▶ [What is expected] Your answer must be a word-for-word copy of the data.

-- Data section follows --

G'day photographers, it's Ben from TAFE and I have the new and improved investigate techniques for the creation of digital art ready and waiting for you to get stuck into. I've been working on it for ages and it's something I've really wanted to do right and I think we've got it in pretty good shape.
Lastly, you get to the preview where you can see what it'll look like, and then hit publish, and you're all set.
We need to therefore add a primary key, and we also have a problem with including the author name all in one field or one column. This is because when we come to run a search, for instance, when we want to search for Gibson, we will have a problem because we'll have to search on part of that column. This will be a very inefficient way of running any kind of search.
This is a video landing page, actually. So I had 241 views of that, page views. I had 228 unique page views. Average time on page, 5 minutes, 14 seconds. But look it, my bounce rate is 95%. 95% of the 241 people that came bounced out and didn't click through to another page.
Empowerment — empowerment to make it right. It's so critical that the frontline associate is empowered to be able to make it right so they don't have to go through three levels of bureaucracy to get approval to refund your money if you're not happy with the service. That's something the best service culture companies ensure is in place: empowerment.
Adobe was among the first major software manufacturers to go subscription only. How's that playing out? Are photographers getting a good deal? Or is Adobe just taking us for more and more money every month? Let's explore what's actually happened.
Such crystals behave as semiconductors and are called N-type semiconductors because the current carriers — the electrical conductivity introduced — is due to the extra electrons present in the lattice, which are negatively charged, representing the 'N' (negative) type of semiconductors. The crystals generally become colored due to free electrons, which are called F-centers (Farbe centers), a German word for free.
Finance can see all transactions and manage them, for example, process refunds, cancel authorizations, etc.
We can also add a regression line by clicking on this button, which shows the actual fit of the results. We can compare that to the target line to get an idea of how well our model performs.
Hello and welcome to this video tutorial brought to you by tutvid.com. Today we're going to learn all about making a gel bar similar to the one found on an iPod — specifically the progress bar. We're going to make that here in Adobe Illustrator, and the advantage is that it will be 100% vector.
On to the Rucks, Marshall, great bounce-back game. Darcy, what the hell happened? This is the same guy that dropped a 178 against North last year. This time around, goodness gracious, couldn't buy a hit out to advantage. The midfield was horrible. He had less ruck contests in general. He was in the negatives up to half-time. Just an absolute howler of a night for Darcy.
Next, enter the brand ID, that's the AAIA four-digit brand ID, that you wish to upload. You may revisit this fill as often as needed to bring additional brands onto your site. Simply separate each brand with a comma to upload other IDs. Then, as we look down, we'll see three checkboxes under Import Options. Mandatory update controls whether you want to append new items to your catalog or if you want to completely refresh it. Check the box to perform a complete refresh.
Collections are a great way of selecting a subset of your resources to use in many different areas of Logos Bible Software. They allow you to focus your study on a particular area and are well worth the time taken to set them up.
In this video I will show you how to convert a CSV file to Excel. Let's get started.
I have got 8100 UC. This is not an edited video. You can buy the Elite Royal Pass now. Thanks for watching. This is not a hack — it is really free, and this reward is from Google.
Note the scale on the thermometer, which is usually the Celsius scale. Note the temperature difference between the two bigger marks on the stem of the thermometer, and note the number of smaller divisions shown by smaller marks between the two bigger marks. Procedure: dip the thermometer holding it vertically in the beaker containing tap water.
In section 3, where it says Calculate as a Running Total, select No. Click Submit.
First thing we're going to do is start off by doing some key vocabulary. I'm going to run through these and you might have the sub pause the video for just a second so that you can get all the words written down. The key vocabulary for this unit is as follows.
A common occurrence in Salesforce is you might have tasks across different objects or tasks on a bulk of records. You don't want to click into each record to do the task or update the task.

-- Data section concluded --

▶ [Exercise answer]
G'day photographers, it's Ben from TAFE and I have the new and improved investigate techniques for the creation of digital art ready and waiting for you to get stuck into. I've been working on it for ages and it's something I've really wanted to do right and I think we've got it in pretty good shape.
Lastly, you get to the preview where you can see what it'll look like, and then hit publish, and you're all set.
We need to therefore add a primary key, and we also have a problem with including the author name all in one field or one column. This is because when we come to run a search, for instance, when we want to search for Gibson, we will have a problem because we'll have to search on part of that column. This will be a very inefficient way of running any kind of search.
This is a video landing page, actually. So I had 241 views of that, page views. I had 228 unique page views. Average time on page, 5 minutes, 14 seconds. But look it, my bounce rate is 95%. 95% of the 241 people that came bounced out and didn't click through to another page.
Empowerment — empowerment to make it right. It's so critical that the frontline associate is empowered to be able to make it right so they don't have to go through three levels of bureaucracy to get approval to refund your money if you're not happy with the service. That's something the best service culture companies ensure is in place: empowerment.
Adobe was among the first major software manufacturers to go subscription only. How's that playing out? Are photographers getting a good deal? Or is Adobe just taking us for more and more money every month? Let's explore what's actually happened.
Such crystals behave as semiconductors and are called N-type semiconductors because the current carriers — the electrical conductivity introduced — is due to the extra electrons present in the lattice, which are negatively charged, representing the 'N' (negative) type of semiconductors. The crystals generally become colored due to free electrons, which are called F-centers (Farbe centers), a German word for free.
Finance can see all transactions and manage them, for example, process refunds, cancel authorizations, etc.
We can also add a regression line by clicking on this button, which shows the actual fit of the results. We can compare that to the target line to get an idea of how well our model performs.
Hello and welcome to this video tutorial brought to you by tutvid.com. Today we're going to learn all about making a gel bar similar to the one found on an iPod — specifically the progress bar. We're going to make that here in Adobe Illustrator, and the advantage is that it will be 100% vector.
On to the Rucks, Marshall, great bounce-back game. Darcy, what the hell happened? This is the same guy that dropped a 178 against North last year. This time around, goodness gracious, couldn't buy a hit out to advantage. The midfield was horrible. He had less ruck contests in general. He was in the negatives up to half-time. Just an absolute howler of a night for Darcy.
Next, enter the brand ID, that's the AAIA four-digit brand ID, that you wish to upload. You may revisit this fill as often as needed to bring additional brands onto your site. Simply separate each brand with a comma to upload other IDs. Then, as we look down, we'll see three checkboxes under Import Options. Mandatory update controls whether you want to append new items to your catalog or if you want to completely refresh it. Check the box to perform a complete refresh.
Collections are a great way of selecting a subset of your resources to use in many different areas of Logos Bible Software. They allow you to focus your study on a particular area and are well worth the time taken to set them up.
In this video I will show you how to convert a CSV file to Excel. Let's get started.
I have got 8100 UC. This is not an edited video. You can buy the Elite Royal Pass now. Thanks for watching. This is not a hack — it is really free, and this reward is from Google.
Note the scale on the thermometer, which is usually the Celsius scale. Note the temperature difference between the two bigger marks on the stem of the thermometer, and note the number of smaller divisions shown by smaller marks between the two bigger marks. Procedure: dip the thermometer holding it vertically in the beaker containing tap water.
In section 3, where it says Calculate as a Running Total, select No. Click Submit.
First thing we're going to do is start off by doing some key vocabulary. I'm going to run through these and you might have the sub pause the video for just a second so that you can get all the words written down. The key vocabulary for this unit is as follows.
A common occurrence in Salesforce is you might have tasks across different objects or tasks on a bulk of records. You don't want to click into each record to do the task or update the task.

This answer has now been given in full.